##### Source records

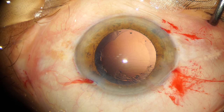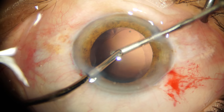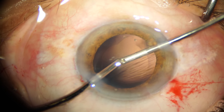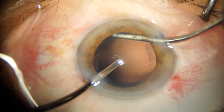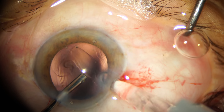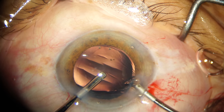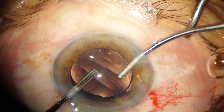Once phaco emulsification is complete, we go ahead and remove all the cortical matter with irrigation and aspiration. As you can see from the configuration of the anterior capsule rhexis margin, it looks like a snowman — we can call this a snowman rhexis. My preferred technique for IOL implantation is hydro-implantation, wherein the need for viscoelastic injection in the anterior chamber is non-essential, reducing one potential source of toxic anterior segment syndrome.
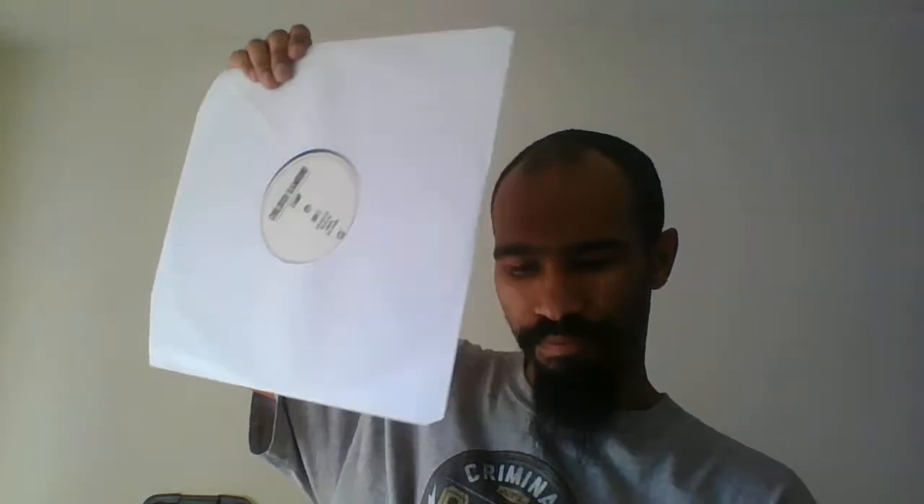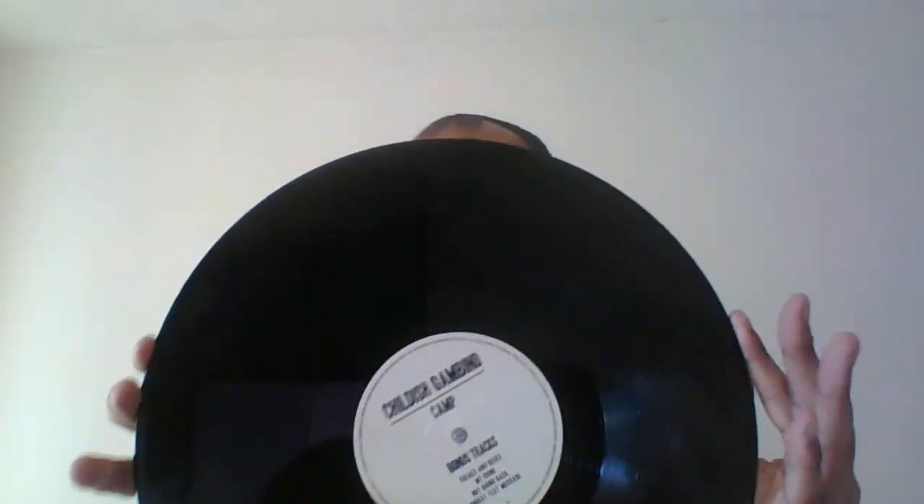Side C and D. It's kind of different — more white, light brownish. Let me get it in the picture. So that's side C, and here's the bonus tracks — side D. Well, technically side D is just the bonus tracks.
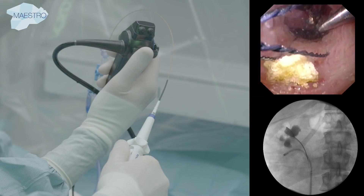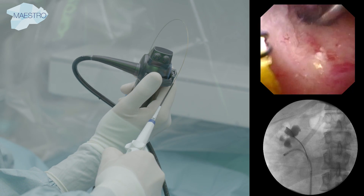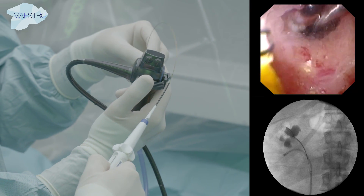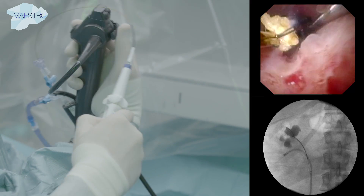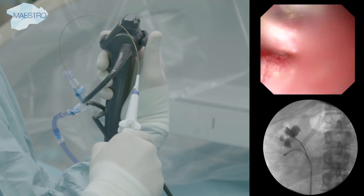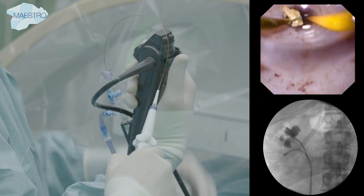The basket is used to catch and retrieve stone fragments, always under endoscopic vision. We remove some fragments for stone analysis, and the rest of the fragments are left for spontaneous expulsion.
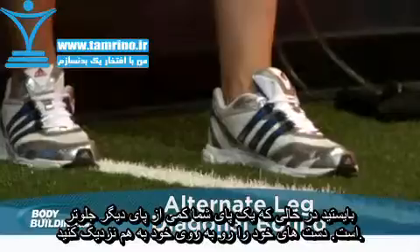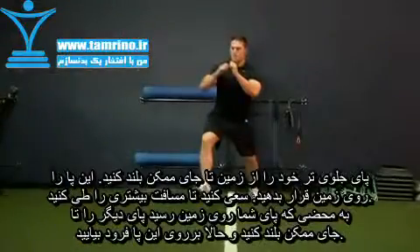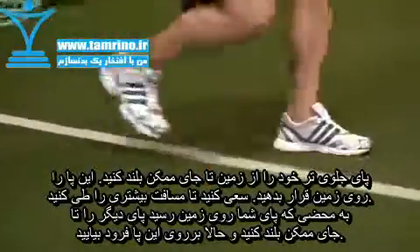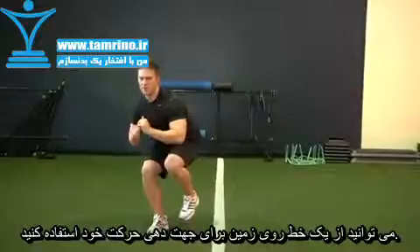Assume a comfortable stance with one foot slightly in front of the other. Begin by pushing off with the front leg, driving the opposite knee forward and as high as possible before landing. Attempt to cover as much distance to each side as possible with every bound. It may help to use a line on the ground to gauge the distance from side to side.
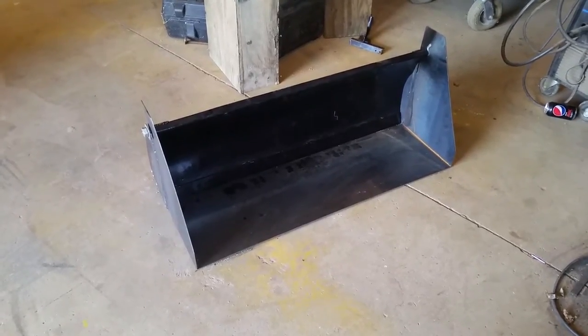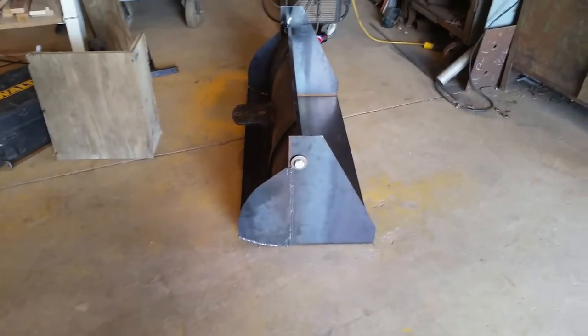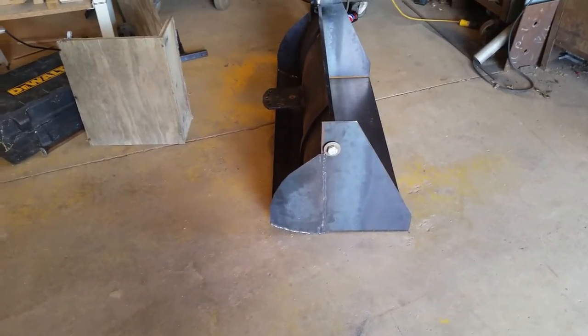Alrighty. The bucket is basically made. I added this back radius — it will allow for proper scooping and travel.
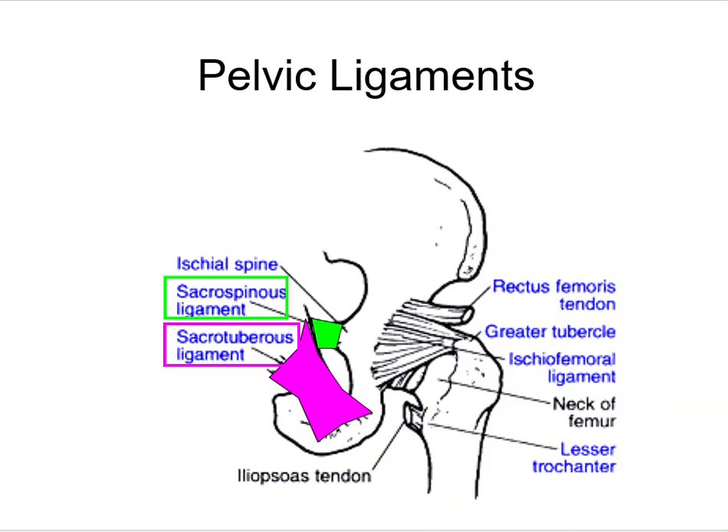We'll review the pelvic ligaments. These are the ligaments that keep the pelvic girdle together. Remember, the pelvic girdle is 2 os coxae connected to the sacrum.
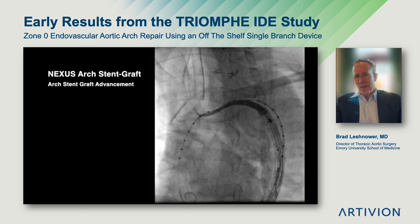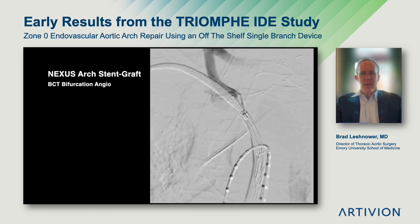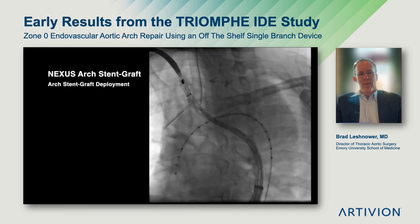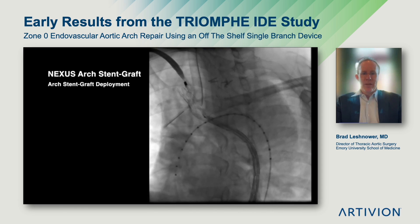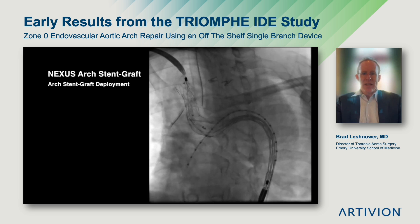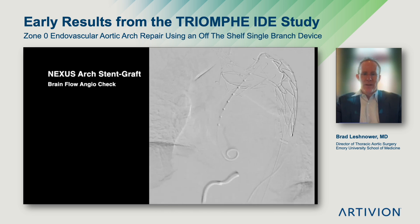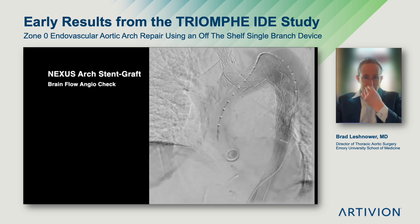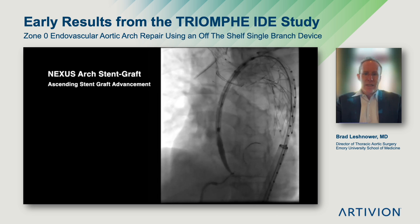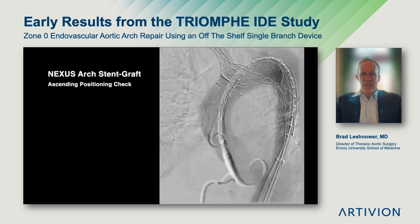Now I'll take you through the fluoroscopy and aortograms of the case. The device is advanced through a brachiofemoral wire. We then shoot an aortogram to confirm appropriate positioning. The branch is deployed, then we do a short burst of rapid ventricular pacing to position the dock in the distal ascending aorta. Once that dock is open, cerebral perfusion is established. We can take our time deploying the remainder of the arch stent graft. We then shoot an aortogram showing the branches being perfused. Next, we advance the ascending aortic piece and position it appropriately within the dock to achieve the fixation previously described.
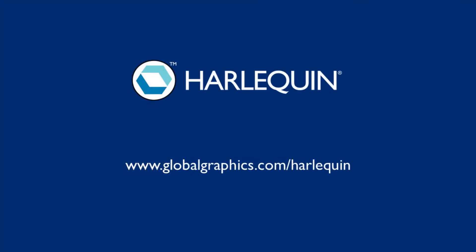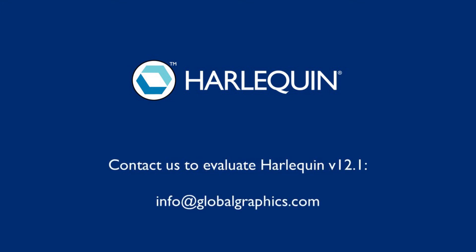You can find more information on Harlequin, including what's new in version 12.1, at globalgraphics.com, or drop a line to info@globalgraphics.com to talk to somebody about evaluating Harlequin for your next digital press. Thanks for listening.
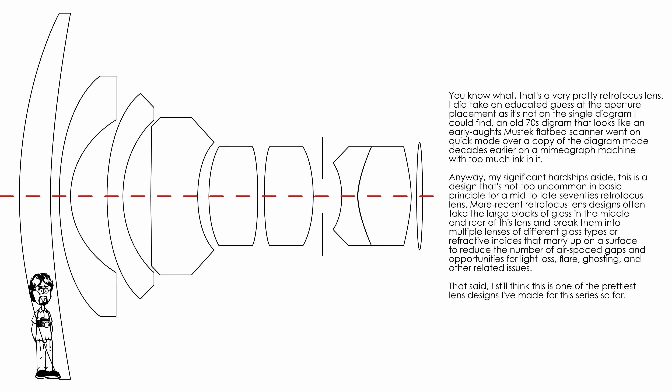This lens takes the cake so far for hardest diagram to find — it was buried on the internet and took a while. One fascinating aspect of this video series is that sharing lens diagrams shows how lens designs have advanced through the decades. This is a classic mid-70s retro-focus design; the large glass blocks in the middle and rear would not appear in a modern retro-focus lens. Today, those blocks would be split into two or three elements with different refractive indices, aspherical surfaces, or specialized coatings.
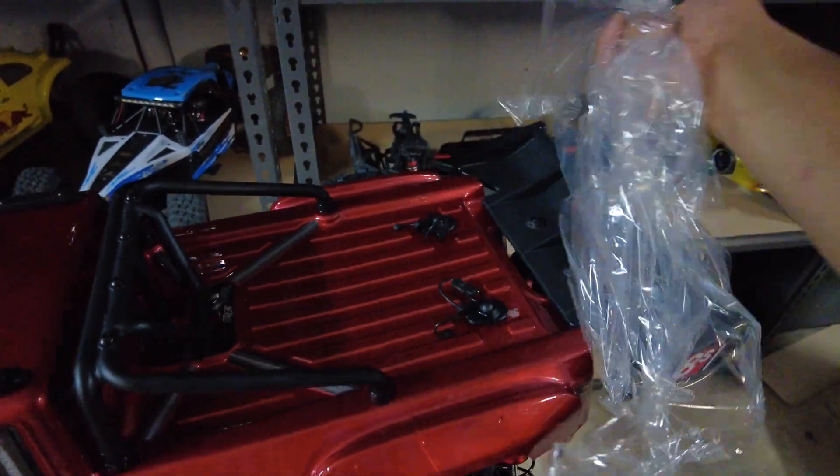I've got all the shocks done now with 30-weight oil in all of them. The batteries I'm running are two Protek 7600mAh 75C 4S hard case batteries, and they actually fit perfect in the battery compartment without any adjustment. With these batteries in and the reinforced body, this car is going to be super heavy. Stay tuned — running video coming up. Thanks for watching!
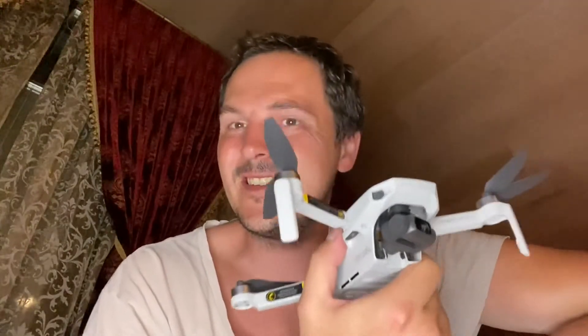Most drones I fly I never go beyond a mile, because you don't really need to — you get close to an object and record it. Now let's talk about the battery. With the fly more combo, always get a fly more combo no matter which drone you buy. For my Mavic Air I have about eight batteries and a portable battery charger. My Mavic Mini fly more combo came with three batteries. My Mavic Pro has five batteries and my Autel Evo has five batteries. Extra batteries just make life so much simpler.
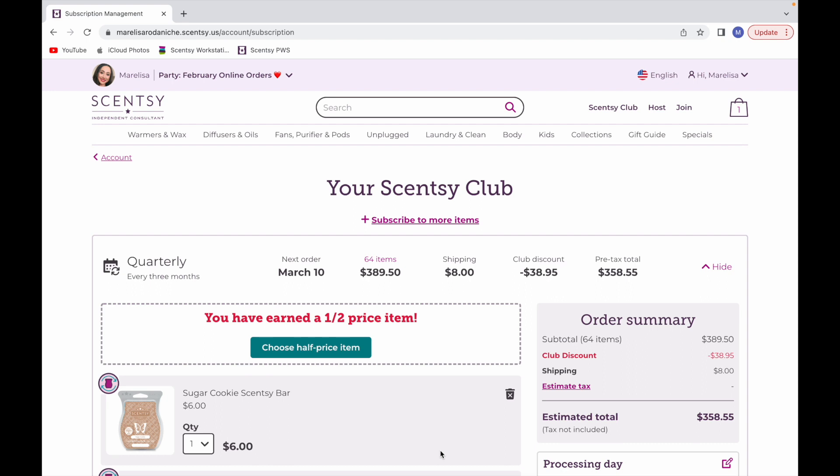Hey guys, it's Marlisa, the Productive Babe here on YouTube. Today I have a Scentsy Club edit to share. We're about to transition to the spring-summer catalog starting March 1st, and they've already released it, so we know what's coming back and what's not. This is the time of year to edit my club — saving favorites from fall and winter and removing what's coming back March 1st.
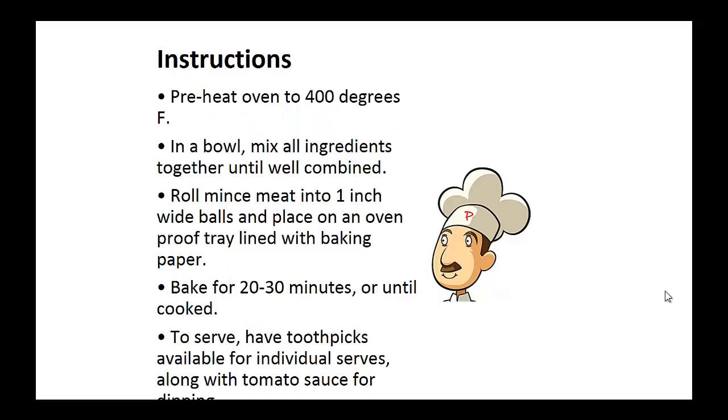Instructions: Preheat your oven to 400 degrees. In a bowl, mix all the ingredients together until well combined. Now roll each minced meat into one inch wide balls and place them on an oven tray lined with baking paper. Bake for 20 to 30 minutes or until cooked. To serve, have toothpicks available for individual servings along with tomato sauce for dipping.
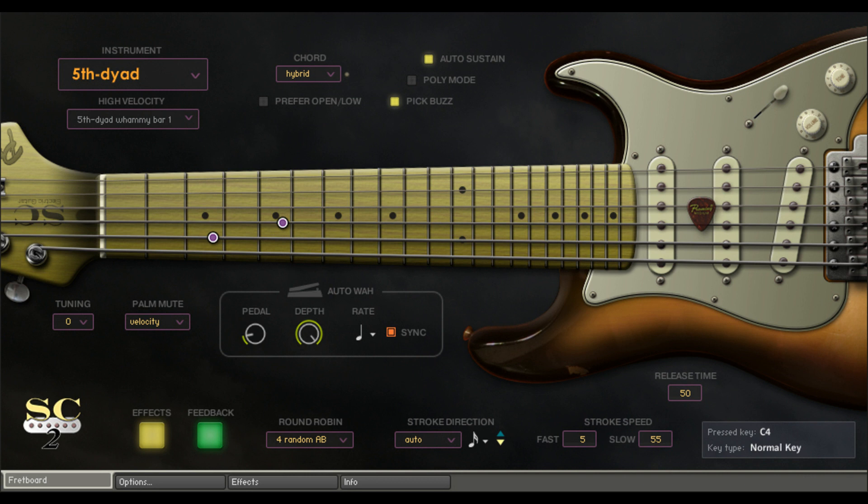Further features include Low Note Samples, Direct Signals from the Guitar, NKS Native Control Standard, and it is ready for Native Instruments Kontakt Player.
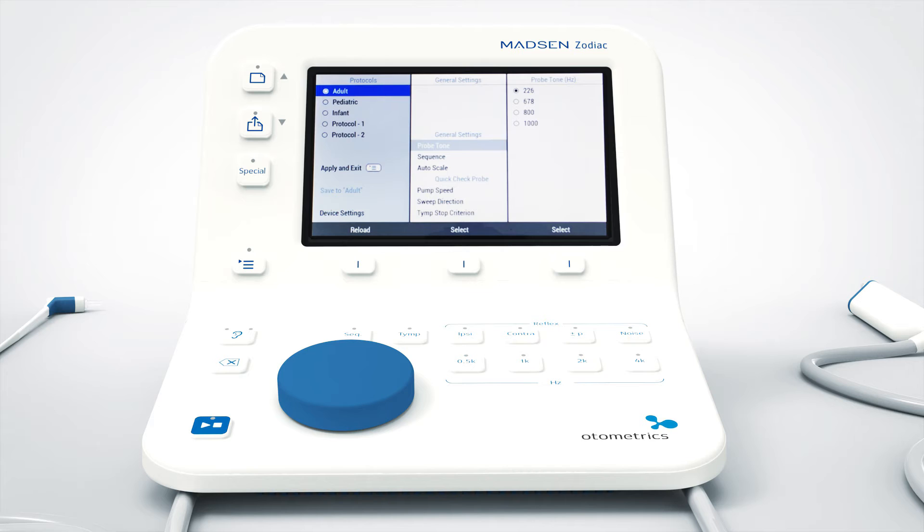The menu is composed of three columns. The first column shows available protocols, for example adult. The second column shows the settings in your protocol, for instance pump speed, and the third column shows the choices available for each setting, such as the preferred speed of your pump.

##########

» Task brief: Take the entries above and set them down exactly, minus the pictures.

» Completed task:
Once phaco emulsification is complete, we go ahead and remove all the cortical matter with irrigation and aspiration. As you can see from the configuration of the anterior capsule rhexis margin, it looks like a snowman — we can call this a snowman rhexis. My preferred technique for IOL implantation is hydro-implantation, wherein the need for viscoelastic injection in the anterior chamber is non-essential, reducing one potential source of toxic anterior segment syndrome.
Side C and D. It's kind of different — more white, light brownish. Let me get it in the picture. So that's side C, and here's the bonus tracks — side D. Well, technically side D is just the bonus tracks.
The basket is used to catch and retrieve stone fragments, always under endoscopic vision. We remove some fragments for stone analysis, and the rest of the fragments are left for spontaneous expulsion.
Assume a comfortable stance with one foot slightly in front of the other. Begin by pushing off with the front leg, driving the opposite knee forward and as high as possible before landing. Attempt to cover as much distance to each side as possible with every bound. It may help to use a line on the ground to gauge the distance from side to side.
Alrighty. The bucket is basically made. I added this back radius — it will allow for proper scooping and travel.
We'll review the pelvic ligaments. These are the ligaments that keep the pelvic girdle together. Remember, the pelvic girdle is 2 os coxae connected to the sacrum.
Now I'll take you through the fluoroscopy and aortograms of the case. The device is advanced through a brachiofemoral wire. We then shoot an aortogram to confirm appropriate positioning. The branch is deployed, then we do a short burst of rapid ventricular pacing to position the dock in the distal ascending aorta. Once that dock is open, cerebral perfusion is established. We can take our time deploying the remainder of the arch stent graft. We then shoot an aortogram showing the branches being perfused. Next, we advance the ascending aortic piece and position it appropriately within the dock to achieve the fixation previously described.
You can find more information on Harlequin, including what's new in version 12.1, at globalgraphics.com, or drop a line to info@globalgraphics.com to talk to somebody about evaluating Harlequin for your next digital press. Thanks for listening.
This lens takes the cake so far for hardest diagram to find — it was buried on the internet and took a while. One fascinating aspect of this video series is that sharing lens diagrams shows how lens designs have advanced through the decades. This is a classic mid-70s retro-focus design; the large glass blocks in the middle and rear would not appear in a modern retro-focus lens. Today, those blocks would be split into two or three elements with different refractive indices, aspherical surfaces, or specialized coatings.
I've got all the shocks done now with 30-weight oil in all of them. The batteries I'm running are two Protek 7600mAh 75C 4S hard case batteries, and they actually fit perfect in the battery compartment without any adjustment. With these batteries in and the reinforced body, this car is going to be super heavy. Stay tuned — running video coming up. Thanks for watching!
Most drones I fly I never go beyond a mile, because you don't really need to — you get close to an object and record it. Now let's talk about the battery. With the fly more combo, always get a fly more combo no matter which drone you buy. For my Mavic Air I have about eight batteries and a portable battery charger. My Mavic Mini fly more combo came with three batteries. My Mavic Pro has five batteries and my Autel Evo has five batteries. Extra batteries just make life so much simpler.
Hey guys, it's Marlisa, the Productive Babe here on YouTube. Today I have a Scentsy Club edit to share. We're about to transition to the spring-summer catalog starting March 1st, and they've already released it, so we know what's coming back and what's not. This is the time of year to edit my club — saving favorites from fall and winter and removing what's coming back March 1st.
Instructions: Preheat your oven to 400 degrees. In a bowl, mix all the ingredients together until well combined. Now roll each minced meat into one inch wide balls and place them on an oven tray lined with baking paper. Bake for 20 to 30 minutes or until cooked. To serve, have toothpicks available for individual servings along with tomato sauce for dipping.
Further features include Low Note Samples, Direct Signals from the Guitar, NKS Native Control Standard, and it is ready for Native Instruments Kontakt Player.
The menu is composed of three columns. The first column shows available protocols, for example adult. The second column shows the settings in your protocol, for instance pump speed, and the third column shows the choices available for each setting, such as the preferred speed of your pump.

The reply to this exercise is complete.